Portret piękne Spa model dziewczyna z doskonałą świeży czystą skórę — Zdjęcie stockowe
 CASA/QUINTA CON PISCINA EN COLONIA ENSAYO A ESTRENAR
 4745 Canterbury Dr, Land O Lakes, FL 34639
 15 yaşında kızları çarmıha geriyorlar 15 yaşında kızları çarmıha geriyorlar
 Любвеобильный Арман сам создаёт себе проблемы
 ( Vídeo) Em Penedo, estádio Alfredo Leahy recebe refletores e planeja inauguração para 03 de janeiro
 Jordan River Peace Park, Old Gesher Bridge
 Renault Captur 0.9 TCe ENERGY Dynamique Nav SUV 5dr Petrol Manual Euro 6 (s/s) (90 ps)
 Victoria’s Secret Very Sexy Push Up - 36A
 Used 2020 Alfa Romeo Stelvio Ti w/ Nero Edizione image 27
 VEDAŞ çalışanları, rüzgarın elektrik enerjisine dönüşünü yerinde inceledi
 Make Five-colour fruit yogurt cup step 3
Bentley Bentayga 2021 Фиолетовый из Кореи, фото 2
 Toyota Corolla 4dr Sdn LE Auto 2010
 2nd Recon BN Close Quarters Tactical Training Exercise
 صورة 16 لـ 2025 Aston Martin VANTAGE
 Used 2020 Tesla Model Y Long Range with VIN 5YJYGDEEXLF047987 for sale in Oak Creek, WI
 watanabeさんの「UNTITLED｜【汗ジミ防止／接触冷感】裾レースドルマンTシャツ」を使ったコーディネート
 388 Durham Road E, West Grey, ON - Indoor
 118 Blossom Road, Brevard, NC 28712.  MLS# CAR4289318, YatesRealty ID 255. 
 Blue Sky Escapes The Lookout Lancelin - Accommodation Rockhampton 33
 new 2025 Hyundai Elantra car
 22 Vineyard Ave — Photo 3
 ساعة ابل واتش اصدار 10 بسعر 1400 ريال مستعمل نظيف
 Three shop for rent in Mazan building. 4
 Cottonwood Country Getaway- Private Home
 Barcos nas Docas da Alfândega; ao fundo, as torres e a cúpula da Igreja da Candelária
· · · · · · ·
* **THE PROBLEM**:
The lines to retype, exactly and only, run from the first line of the material through the line with "22 Vineyard Ave — Photo 3".

* **REPLY TO THE TASK**:
Portret piękne Spa model dziewczyna z doskonałą świeży czystą skórę — Zdjęcie stockowe
 CASA/QUINTA CON PISCINA EN COLONIA ENSAYO A ESTRENAR
 4745 Canterbury Dr, Land O Lakes, FL 34639
 15 yaşında kızları çarmıha geriyorlar 15 yaşında kızları çarmıha geriyorlar
 Любвеобильный Арман сам создаёт себе проблемы
 ( Vídeo) Em Penedo, estádio Alfredo Leahy recebe refletores e planeja inauguração para 03 de janeiro
 Jordan River Peace Park, Old Gesher Bridge
 Renault Captur 0.9 TCe ENERGY Dynamique Nav SUV 5dr Petrol Manual Euro 6 (s/s) (90 ps)
 Victoria’s Secret Very Sexy Push Up - 36A
 Used 2020 Alfa Romeo Stelvio Ti w/ Nero Edizione image 27
 VEDAŞ çalışanları, rüzgarın elektrik enerjisine dönüşünü yerinde inceledi
 Make Five-colour fruit yogurt cup step 3
Bentley Bentayga 2021 Фиолетовый из Кореи, фото 2
 Toyota Corolla 4dr Sdn LE Auto 2010
 2nd Recon BN Close Quarters Tactical Training Exercise
 صورة 16 لـ 2025 Aston Martin VANTAGE
 Used 2020 Tesla Model Y Long Range with VIN 5YJYGDEEXLF047987 for sale in Oak Creek, WI
 watanabeさんの「UNTITLED｜【汗ジミ防止／接触冷感】裾レースドルマンTシャツ」を使ったコーディネート
 388 Durham Road E, West Grey, ON - Indoor
 118 Blossom Road, Brevard, NC 28712.  MLS# CAR4289318, YatesRealty ID 255. 
 Blue Sky Escapes The Lookout Lancelin - Accommodation Rockhampton 33
 new 2025 Hyundai Elantra car
 22 Vineyard Ave — Photo 3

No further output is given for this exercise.